Berjalan dari Gedung ke Gedung, dari satu Mall ke Mall, sama dengan menyaksikan parade yang wah tentang Natal dan ornamennya yang serba mewah, modern dan sudah tentu ..... MAHAL. Dibandingkan dengan Natal pada masa kecil di Kampung dulu, hanya hiasan-hiasan alamiah serta lilin lilin sederhana yang menghiasi pohon Natal. Tetapi, tingkat syahdunya sama sekali tidaklah berkurang. Di sini, tahun 2008 ini, Natal yang hadir dengan Pohon Natal super, Pohon Natal super gemerlap, pohon natal super gempita, lilin-lilin elektronik, lampu natal dengan gaya dan lagu yang lebih memikat, serta dengan ornamen lainnya yang sangat kreatif. Tetapi, sekali lagi ......tentunya MAHAL. Dan memang, Natal terkesan semakin memikat, semakin sexy dan semakin ...... maaf genit.

Tidak terbayangkan jika hiasan seperti itu bergelantungan di rumah kecilku di dusun berpuluh tahun lalu. Mungkin, Natal akan sama kenangannya dengan hiasan eksklusif itu. Tetapi, masih beruntung bahwa kenangan Natal di dusun adalah kenangan tentang kebersahajaan dan tentang bagaimana Natal dirayakan tidak semata dengan aspek perayaannya, seremonialnya, tetapi dalam aspek budayanya dan aspek religius (keagamaannya). Ornamen-ornamen itu memang sangat baik dan penting bagi upaya menghadirkan ”keintiman” atas Natal dalam pertumbuhan spiritualitas seseorang. Tetapi, akan menjadi bumerang ketika Ornamen itu menjadi kebutuhan primer dan menjadi keharusan utama dalam setiap proses adventus, penyambutan akan Natal. Karena, bukan sedikit manusia yang hanya mampu melirik iri menyaksikan ornamen mahal dan indah itu dibeli orang lain. Karena bukan sedikit yang bahkan untuk menghadirkan suasana Natal di rumahnya masih kelimpungan. Sungguh, memang Ornamen indah, kreatif dan mahal itu adalah ironi, gambaran miris tentang berbedanya strata dan tingkat kehidupan manusia. Meski mereka sama agama sekalipun.
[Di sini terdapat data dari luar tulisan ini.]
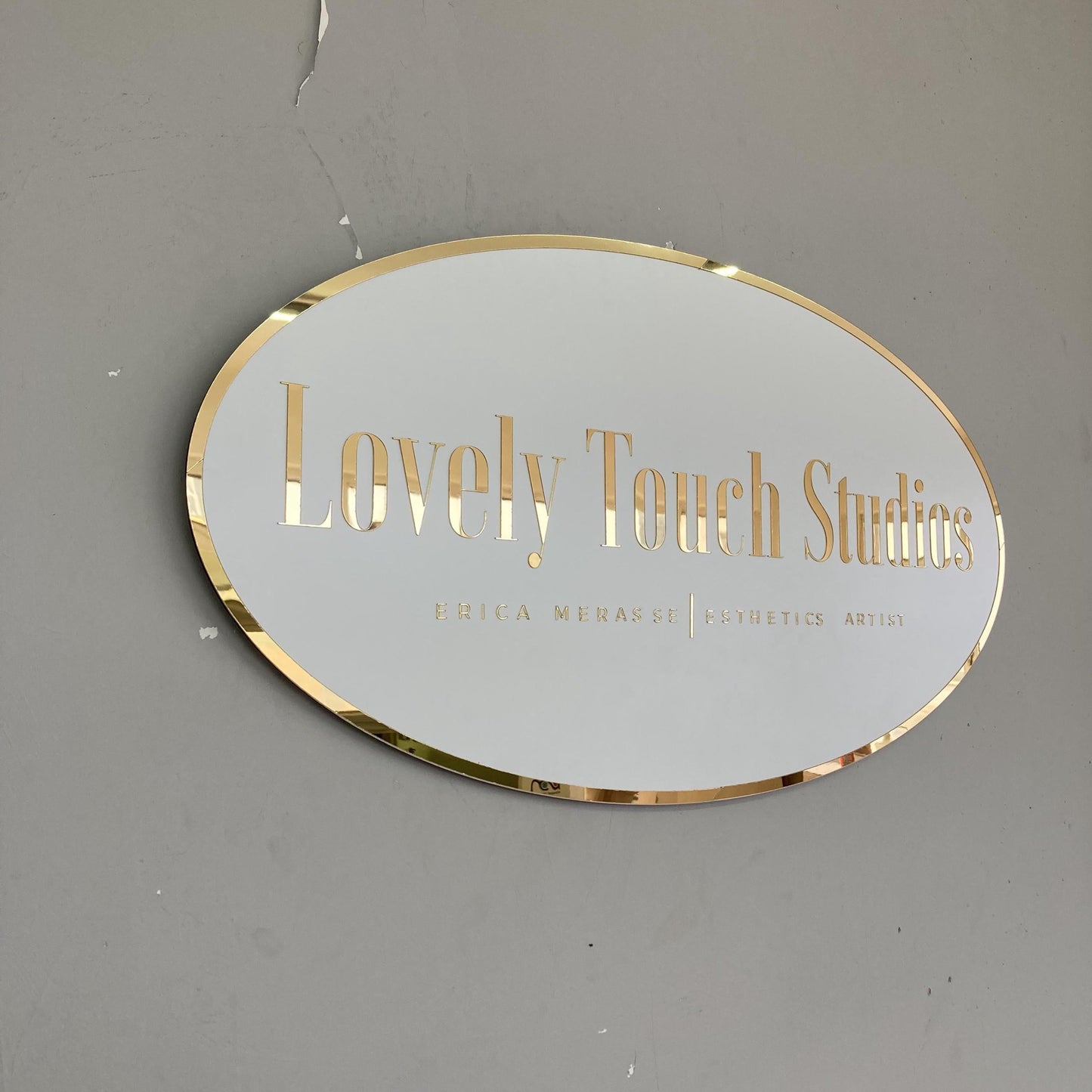 Business Oval Mirror Logo Sign, Custom 3D Acrylic Sign, Modern Office Wall Decor, Personalized Company Logo, Reception Desk Sign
Ketika beranjak lebih jauh lagi, kitapun kemudian akan tiba di Gedung-gedung Gereja yang mulai berbenah. Gedung Gereja memang tidak sesemarak Mall dan Pusat perbelanjaan, tetapi Ornamen Natalpun semakin mengkilap dan wah disana. Orang atau jemaat akan dengan sederhana mengatakan ”Bukankah Gereja harus dihias seindah mungkin menyambut Natal?”. Sudah tentu benar. Dan lagi, Majelis Jemaat mana yang berani melarang antusiasme warga Jemaat untuk memperindah dan menghiasi Gerejanya? Bukankah Gereja selalu menjadi priortas dan tempat yang harus dilihat indah dan menyenangkan bagi jemaatnya? Maka menjadi wajar jika Natal, termasuk Natal 2008, Gedung Gereja juga ikut ikutan tampil makin semarak, makin modis dan sedapat mungkin tidak ketinggalan mode semaraknya ornamen Natal.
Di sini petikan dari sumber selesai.